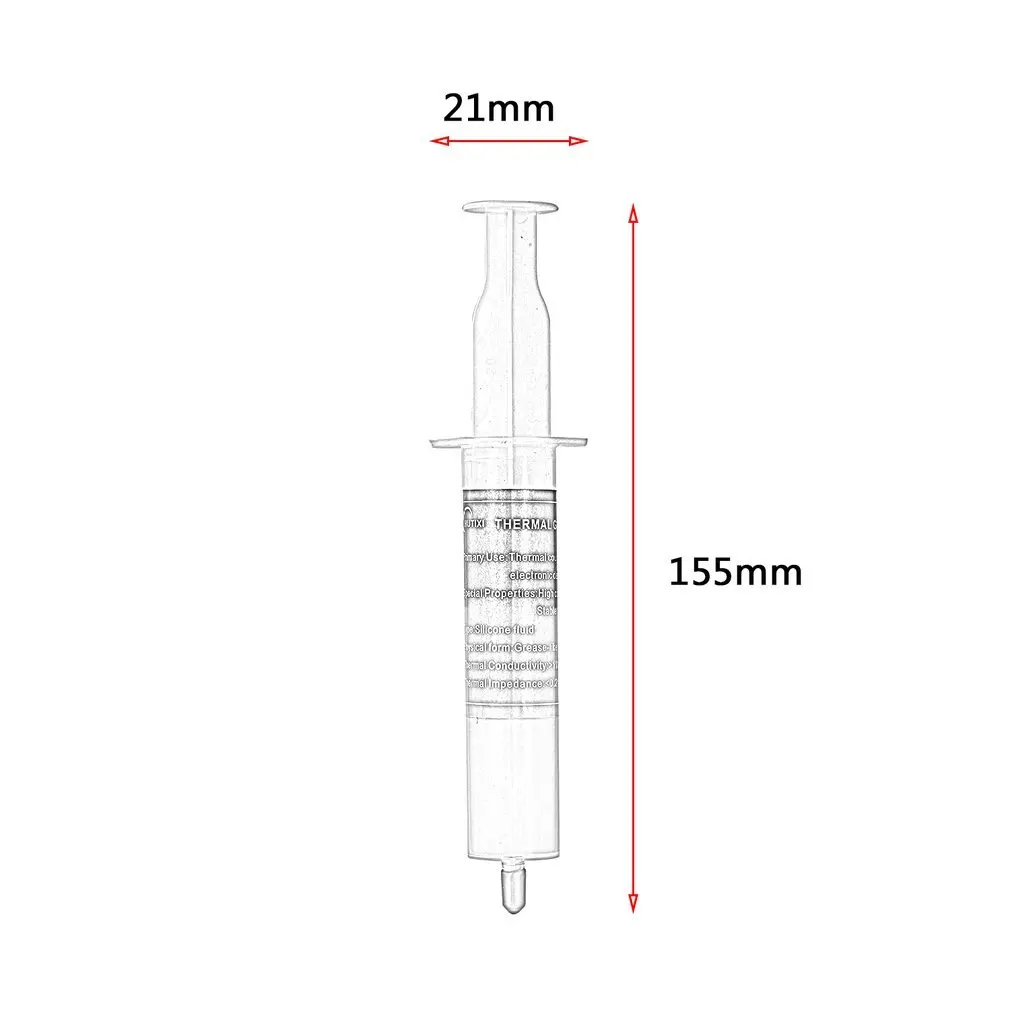 5pcs New 30g Syringe Thermal Grease gray CPU Chip Heatsink Paste Conductive Compound ABS Material Brand New
5pcs New 30g Syringe Thermal Grease gray CPU Chip Heatsink Paste Conductive Compound ABS Material Brand New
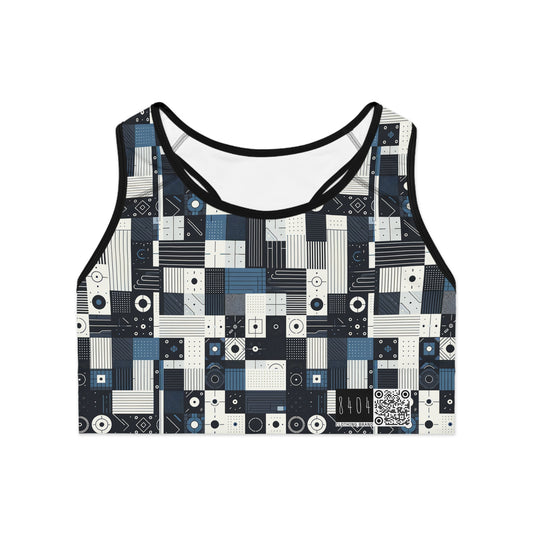 Minimalist Athleisure Minimalist Tech Sports Bra - 8404 Design-39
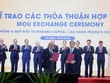 Thời gian qua, Đà Nẵng đã ký kết nhiều thoả thuận hợp tác để phát triển Trung tâm tài chính. 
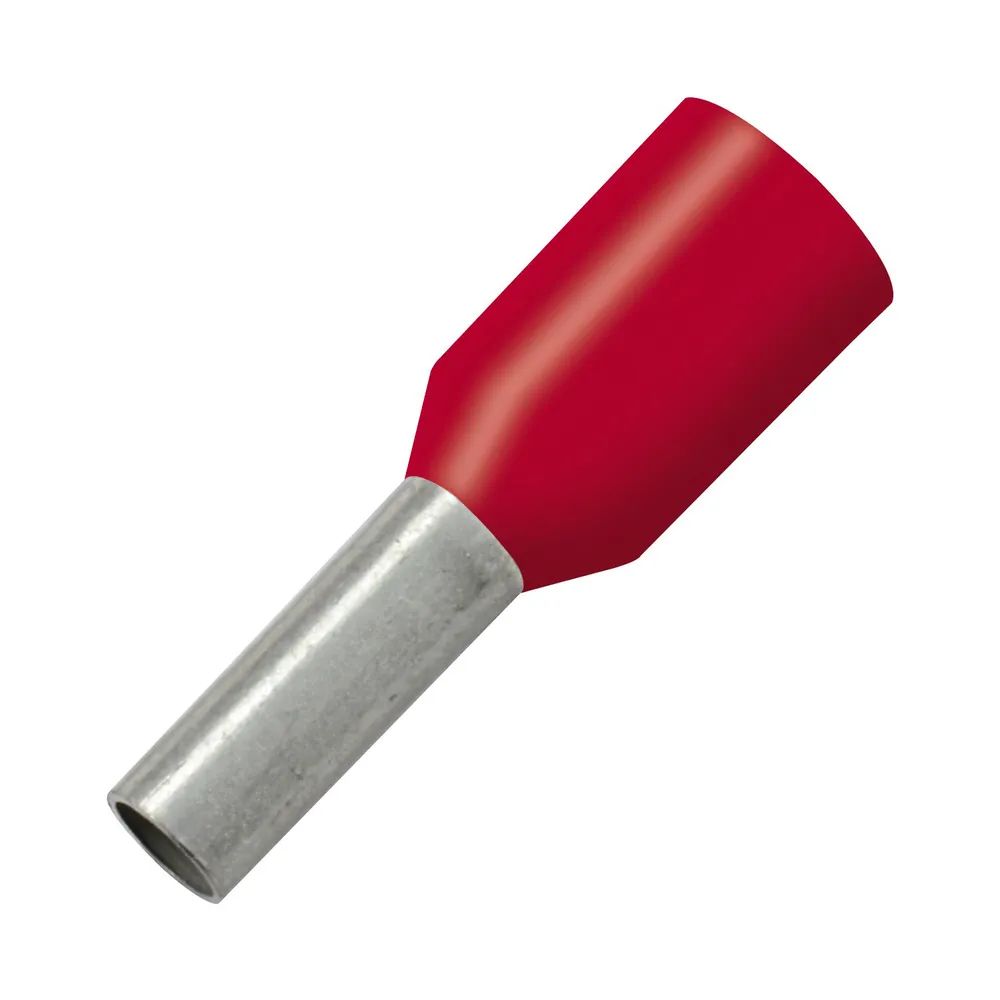 Edler Systems Kabeltechnik GmbH Aderendhülse 10x12/22 mit Kragen rot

+---+

- [TASK TO COMPLETE]:
Exactly as they stand, set down the lines from the start of the material through the line with "Minimalist Athleisure Minimalist", both ends included, omitting the pictures.

- [EXERCISE ANSWER]:
 5pcs New 30g Syringe Thermal Grease gray CPU Chip Heatsink Paste Conductive Compound ABS Material Brand New
5pcs New 30g Syringe Thermal Grease gray CPU Chip Heatsink Paste Conductive Compound ABS Material Brand New
 Minimalist Athleisure Minimalist Tech Sports Bra - 8404 Design-39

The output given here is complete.